The investigation would have remained suspended if it wasn't for Arnold applying for a job at the Chicago police department this past October.

After detectives began to look into the statements Arnold made in his application's polygraph statement, prosecutors said the investigators found Arnold and Harris had both been previously arrested by Chicago police, and during those arrests, they listed the apartment near 72nd and Aberdeen as their home address.

Nearly nine years after the crime took place, prosecutors said in court on Friday that both victims identified Harris and his cousin in a photo lineup this past week.

Investigators believe the armed robbery by Arnold that took place at the brothers' apartment was "a ruse."

After reading Arnold his Miranda rights, prosecutors said he made statements to investigators "regarding the armed robbery being a ruse so that the other two [Harris and their cousin] could have sex with the victims."

Arnold and Harris are currently being held in jail, according to the Cook County Sheriff's Department.

The brothers have been appointed public defenders, but according to the court docket, they have yet to enter a plea to the charges they face.

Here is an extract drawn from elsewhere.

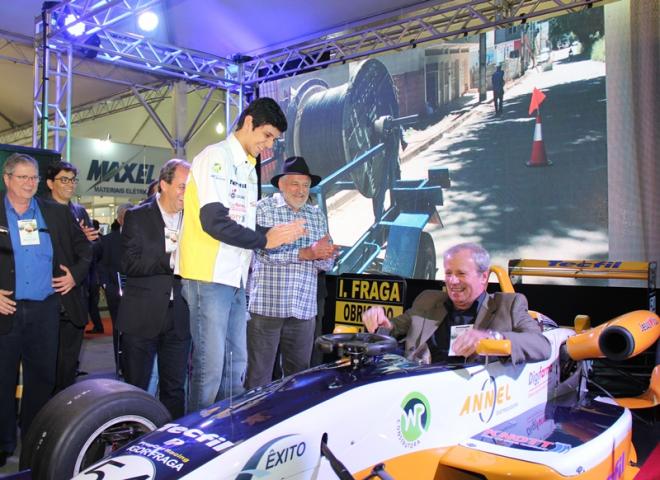 Igor Fraga explica sobre o carro para Sérgio Leite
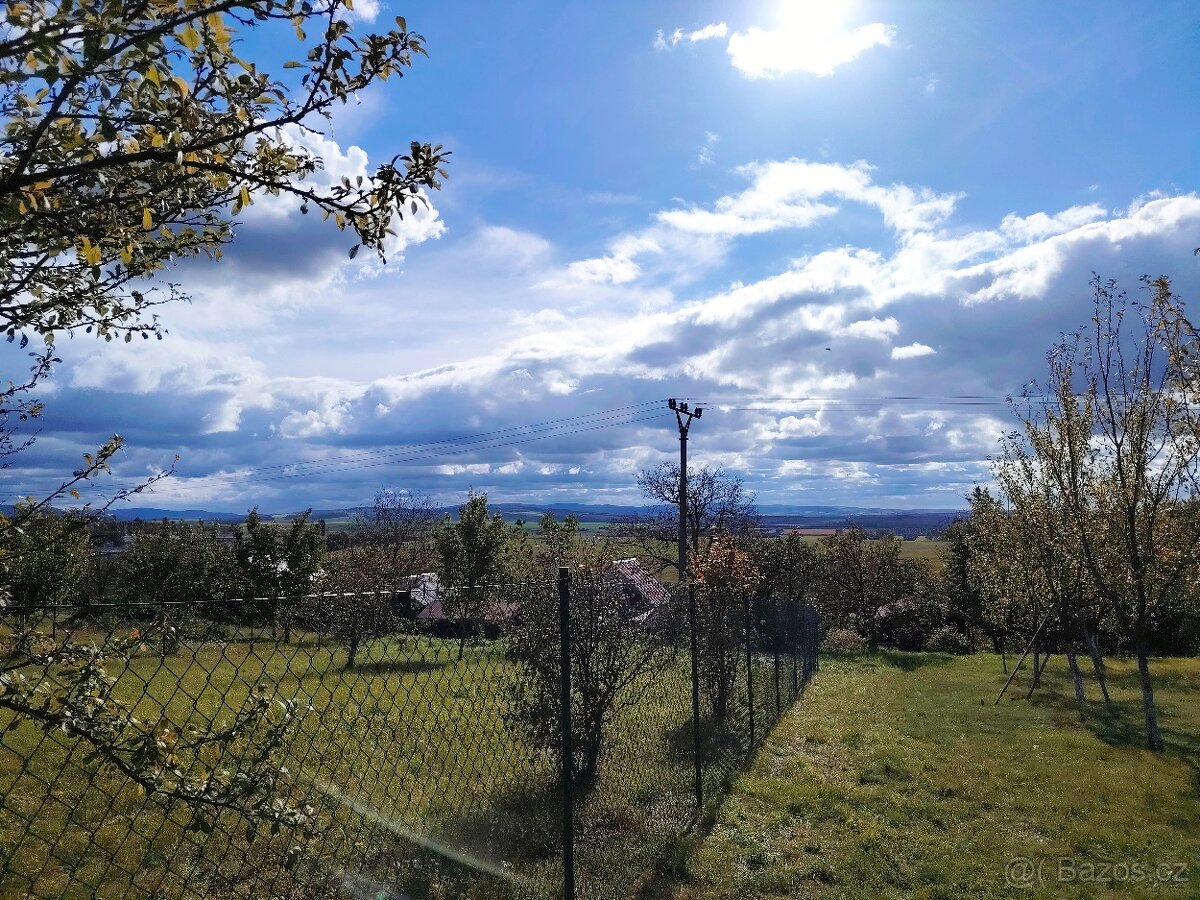 Prodej zahrady u Uherského Hradiště 1297 m2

A spokesperson for the Chicago police department would not comment on this specific case, but said background checks are critical when interviewing potential employees.

"While we will not comment on specific individuals, the Chicago police department conducts a thorough pre-employment background investigation process, including a polygraph examination," a spokesperson told the I-Team. "The polygraph examination is an important component of the background process to determine an applicant's eligibility for hire."